When you're editor fires a mousedown event, set a flag that allows for that selection change event to make changes.
When your editor fires mouseup set that flag to false.
When selectionchange fires, and the editor is the active element, create a selection state, and use change's select to set it.

Having a onselectionchange that picks up on the DOM event would be pretty useful in the codebase, we may be able to catch some IME events that replace some text, if they first trigger a selection change.

One thing i'm struggling with is turning the window selection into a valid slate selection, I had to write a lot of custom logic to prevent errors from being thrown. Would it be worth some time to expose that selection logic somehow? I'm thinking of an API that you call that grabs the current window selection and just returns a slate selection or null if the selection isn't valid @ianstormtaylor

@YurkaninRyan definitely open to that idea! Similar in concept/goal to the findDOMNode helper.

Perfect, that's exactly how I saw it, i'm going to port over what I have and try to think of ways to test it

Hi @YurkaninRyan.

One thing i'm struggling with is turning the window selection into a valid slate selection

Isn't slate-react/utils/getPoint sufficient?

As a temporary workaround, I considered trying something to the effect of this (as suggested by @YurkaninRyan and @AlbertHilb):

import getPoint from 'slate-react/lib/utils/get-point'
// ...

class SlateEditor extends React.Component {
  // ...
  componentDidMount() {
    document.addEventListener('selectionchange', this.onSelectionChange)
  }

  componentWillUnmount() {
    document.removeEventListener('selectionchange', this.onSelectionChange)
  }

  onSelectionChange(e: Event) {
    const { state } = this.props
    const { editor, isDragging } = this

    // isDragging is toggled on mousedown and mouseup
    if (editor && isDragging) {
      const selection = document.getSelection()

      if (!selection) {
        return null
      }

      const { anchorNode, anchorOffset, focusNode, focusOffset } = selection

      if (!anchorNode || !focusNode) {
        return null
      }

      const anchorPoint = getPoint(anchorNode, anchorOffset, state, editor)
      const focusPoint = getPoint(focusNode, focusOffset, state, editor)

      if (!anchorPoint || !focusPoint) {
        return null
      }

      const newSelection = Selection.create({
        anchorKey: anchorPoint.key,
        anchorOffset: anchorPoint.offset,
        focusKey: focusPoint.key,
        focusOffset: focusPoint.offset,
      })

      return this.onChange(state.change.select(newSelection).focus())
    }
  }
  // ...
}

As a proof of concept it does appear to work, though it's pretty quirky as far as where the cursor ends up after the text is inserted. I am not sure I'm comfortable putting this hack in production for this reason. Also, onSelectionChange is fired like a zillion times per second, so probably worth debouncing it.

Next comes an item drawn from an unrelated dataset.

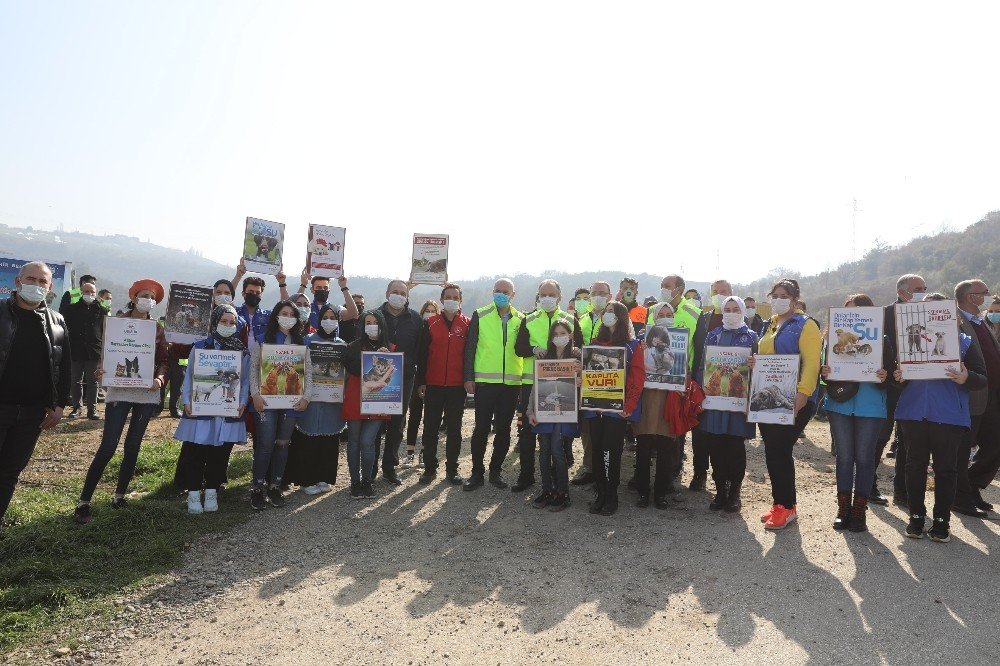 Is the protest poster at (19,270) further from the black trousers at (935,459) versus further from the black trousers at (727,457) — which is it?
the black trousers at (935,459)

Related issue: https://github.com/ianstormtaylor/slate/issues/802

@YurkaninRyan FWIW, with #1231 a new findRange helper is exposed that returns a Slate Range (previously Selection) from a DOM Selection/Range.

Now that we're also using the native onbeforeinput event, circumventing React's handling of it in newer browsers, I think it would make sense to handle onselectionchange in the same way. If anyone was down to make a PR with this fix I'd gladly accept it!